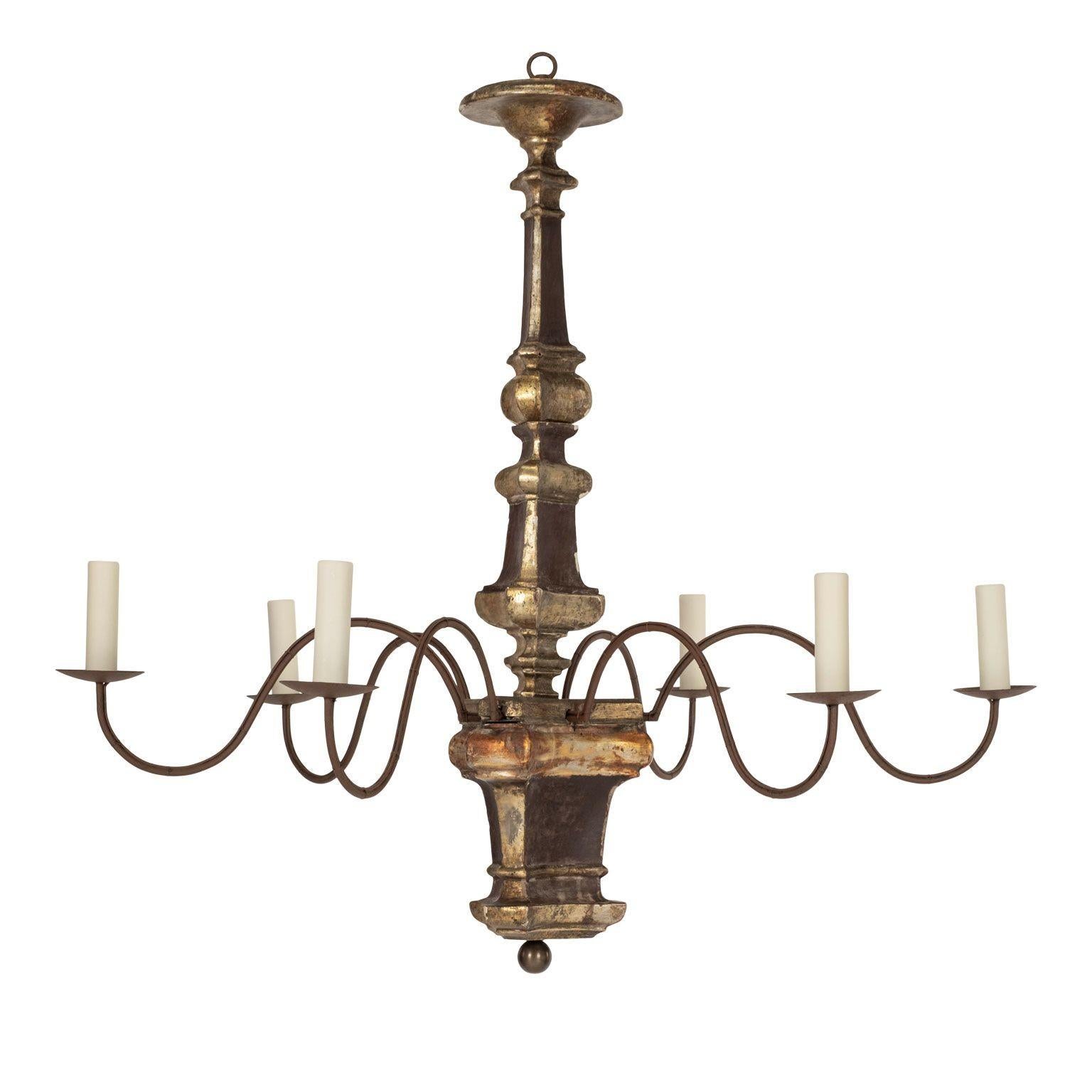 Large Hand-Carved Six-Arm Italian Chandelier 1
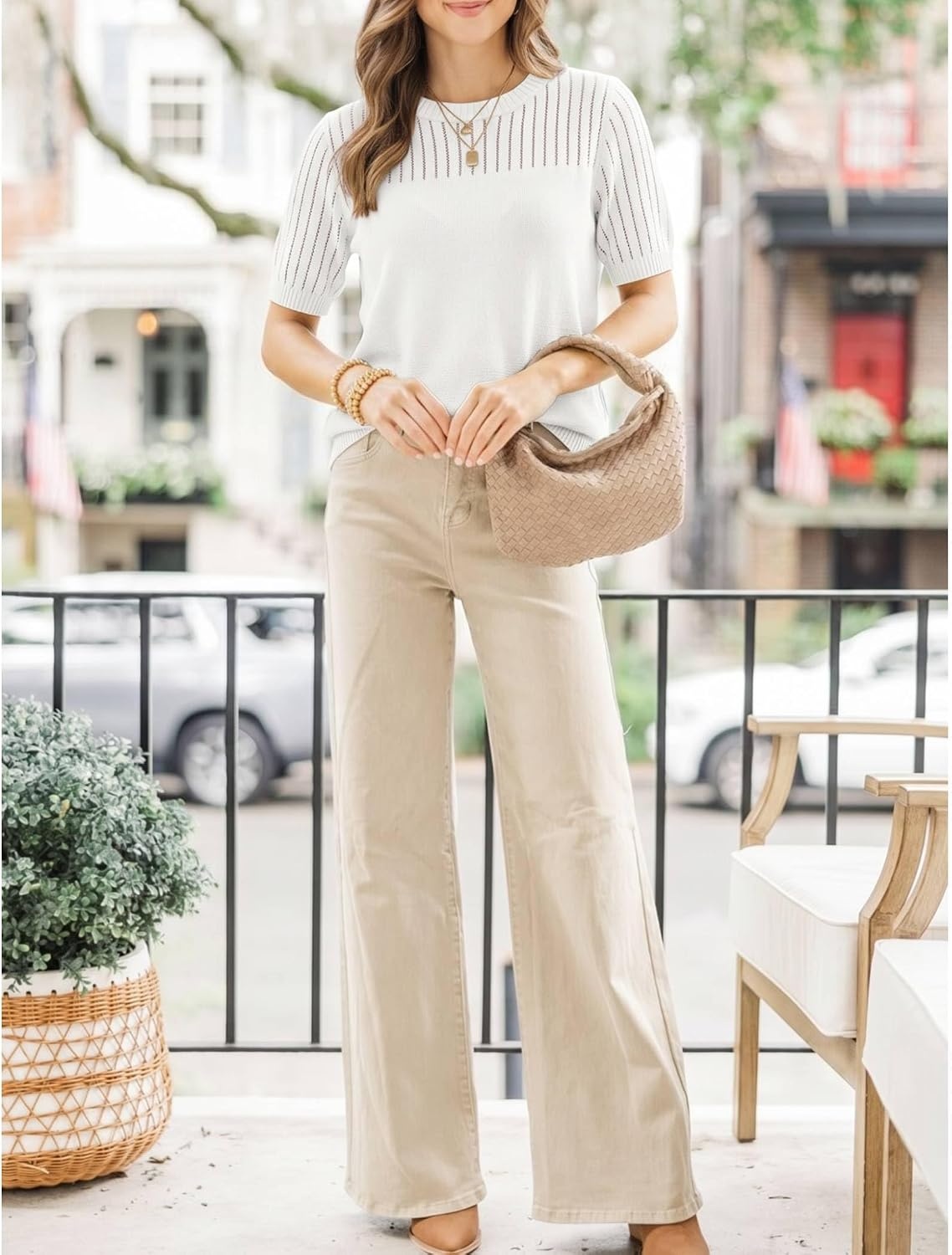 image:imageZeagoo Womens Short Sleeve Sweater Tops 2026 Spring Summer Crew Neck Hollow Out Blouses Dressy Business Casual OutfitsWhite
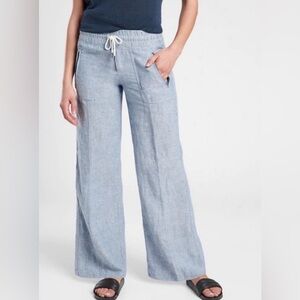 Athleta Cabo Chambray Blue linen pant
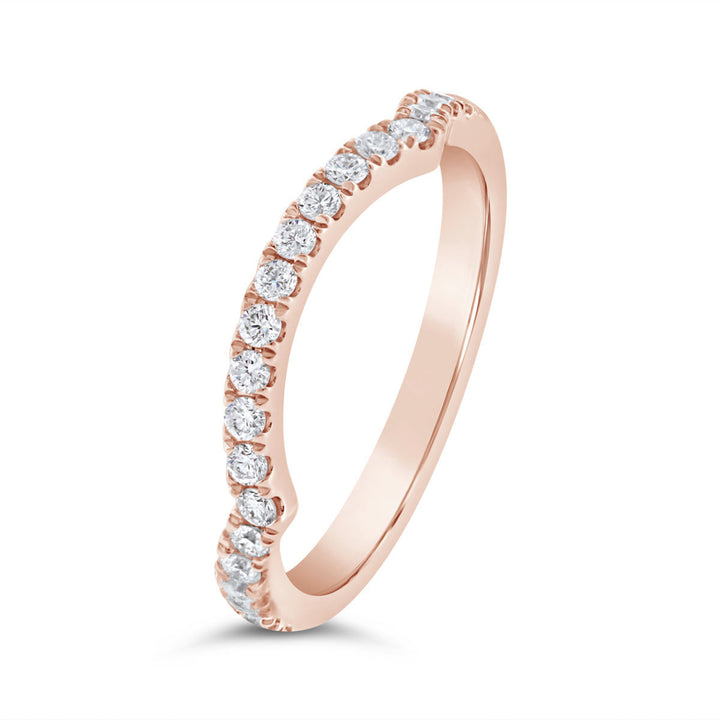 Diamond Contour Matching Wedding Band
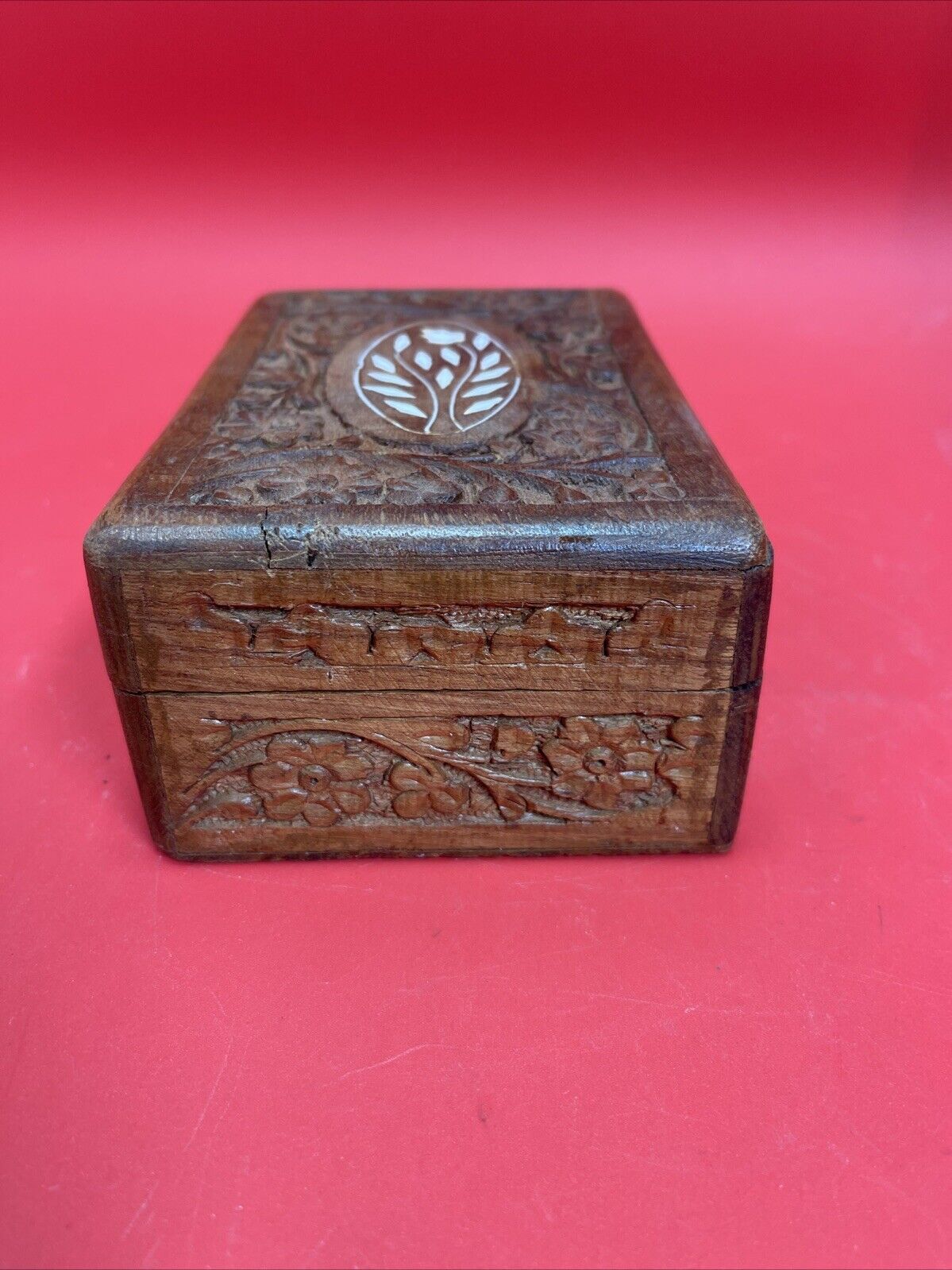 Vintage Hand Carved Teak Wooden Jewelry Trinket Box Made in India Lot 2
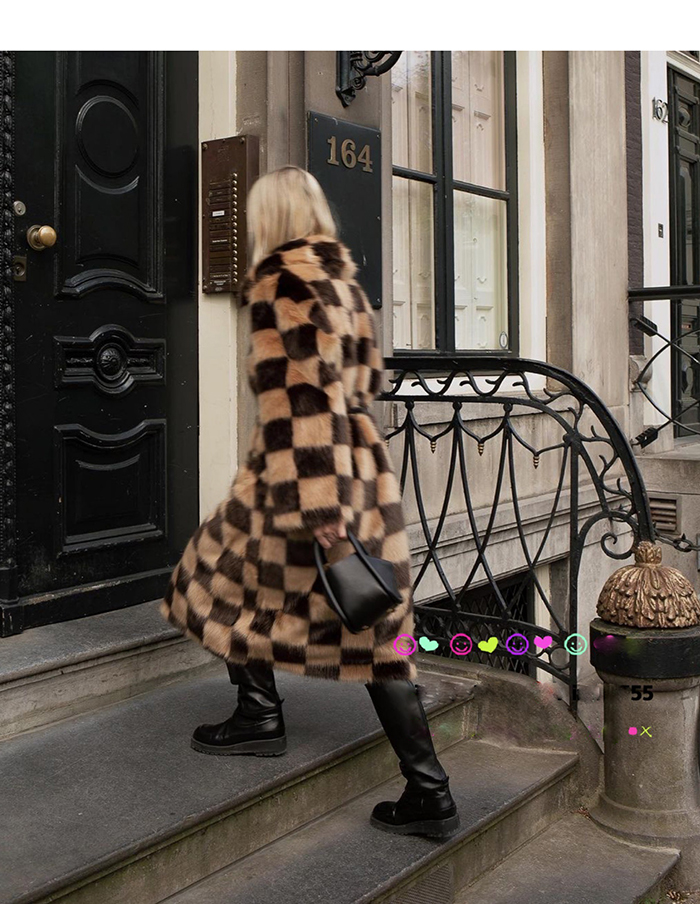 Kurucu Kadın Moda Lüks Taklit Kürk Paltolar Yapay Kürk Ceket İmitasyon Hayvan Kürk Dış Giyim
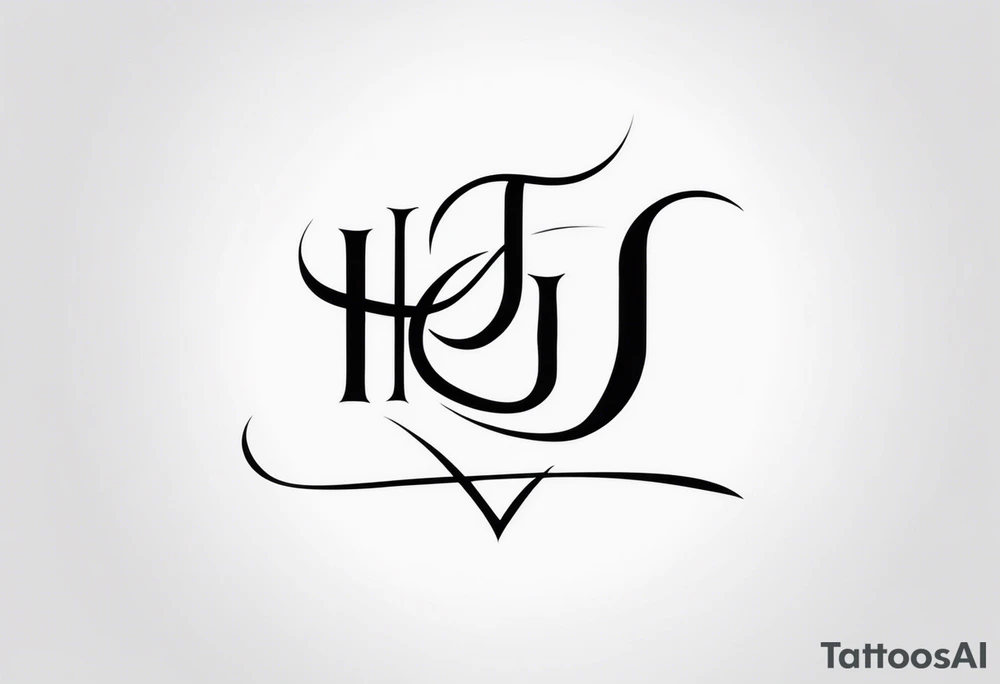 make a tattoo with the initials HJ in cursive fineline with a heart tattoo idea make a tattoo with the initials HJ in cursive fineline with a heart tattoo idea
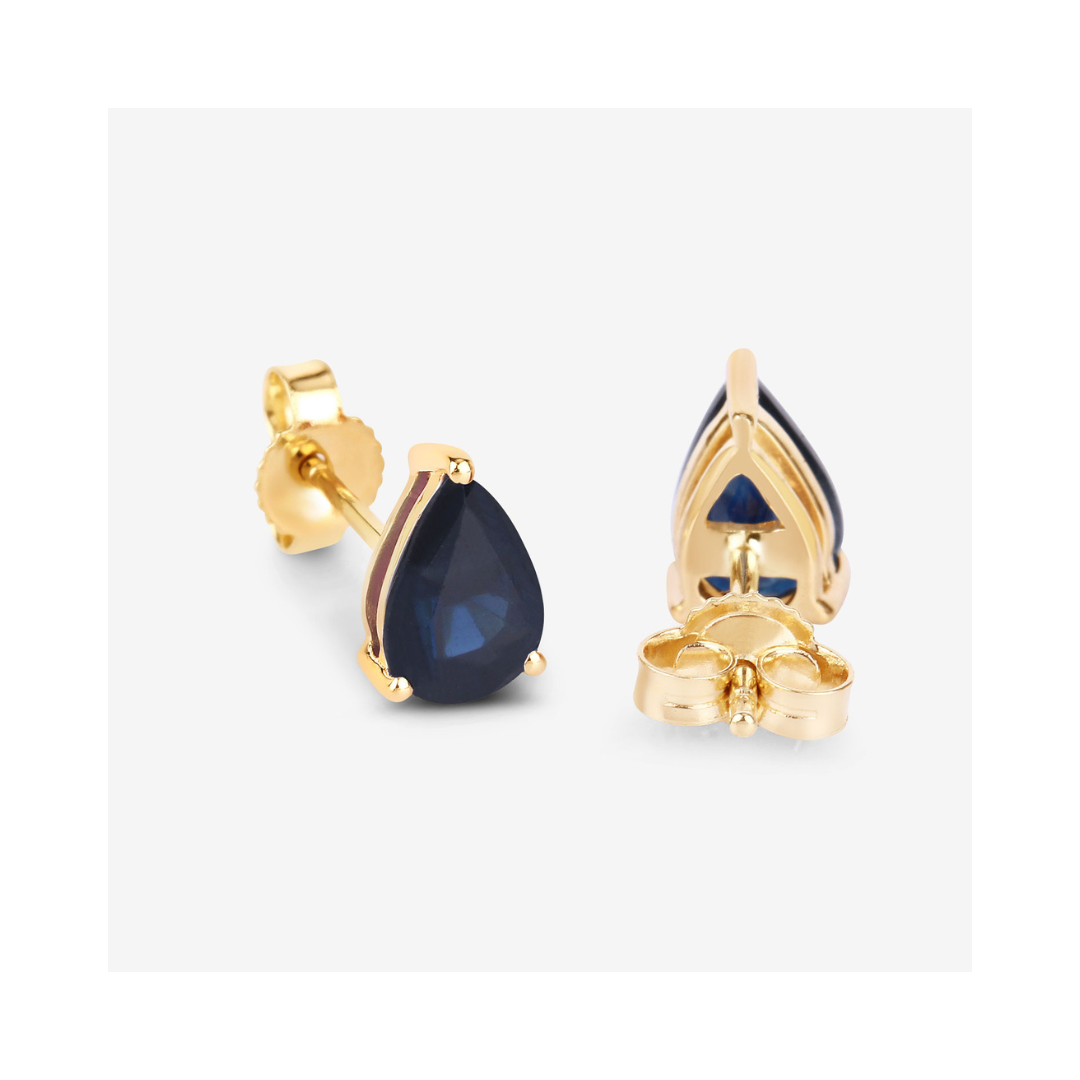 Genuine Blue Sapphire Teardrop Stud Earrings for Women - 925 Sterling Silver Elegant Jewelry Gift for Wedding, Anniversary & Special Occasions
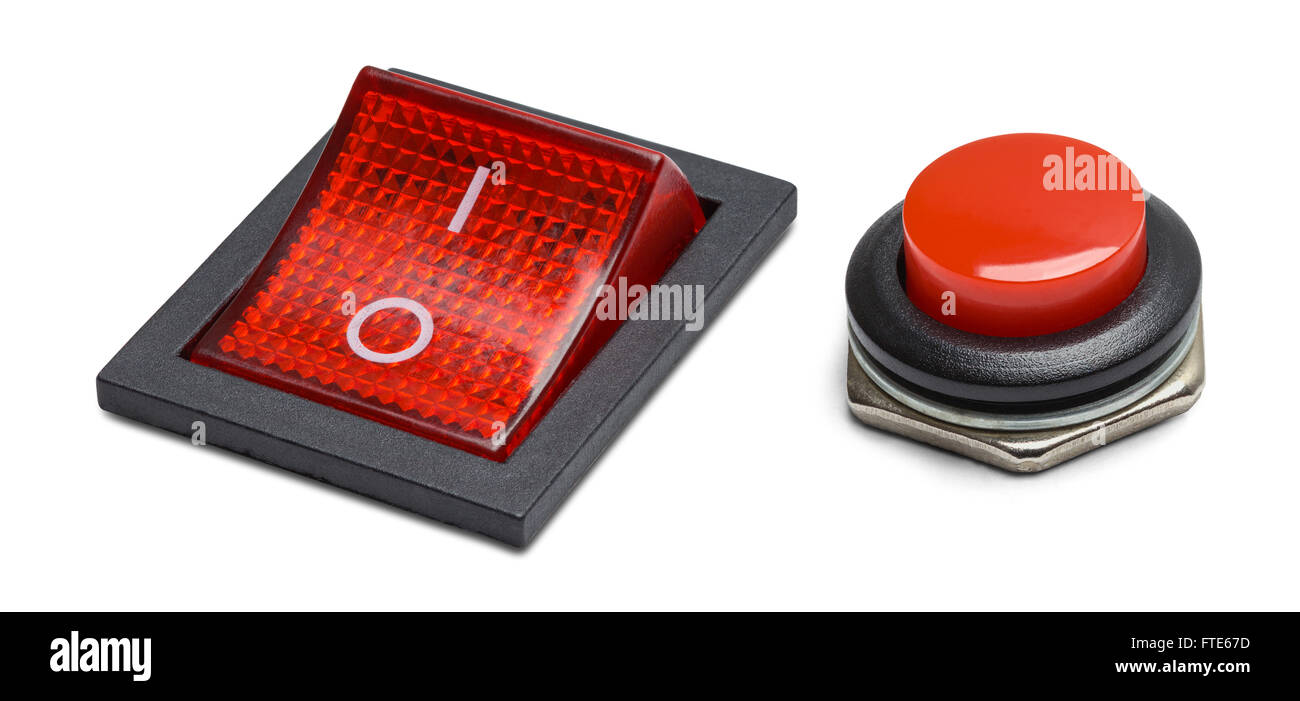 Two Red Computer Power Buttons Angle View Isolated on White Background. Stock Photo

== Required work ==
Give exactly the lines above that run from the line with "image:imageZeagoo Womens Short" to the line with "Diamond Contour Matching Wedding Band", both included, leaving every picture out.

== Reply ==
 image:imageZeagoo Womens Short Sleeve Sweater Tops 2026 Spring Summer Crew Neck Hollow Out Blouses Dressy Business Casual OutfitsWhite
 Athleta Cabo Chambray Blue linen pant
 Diamond Contour Matching Wedding Band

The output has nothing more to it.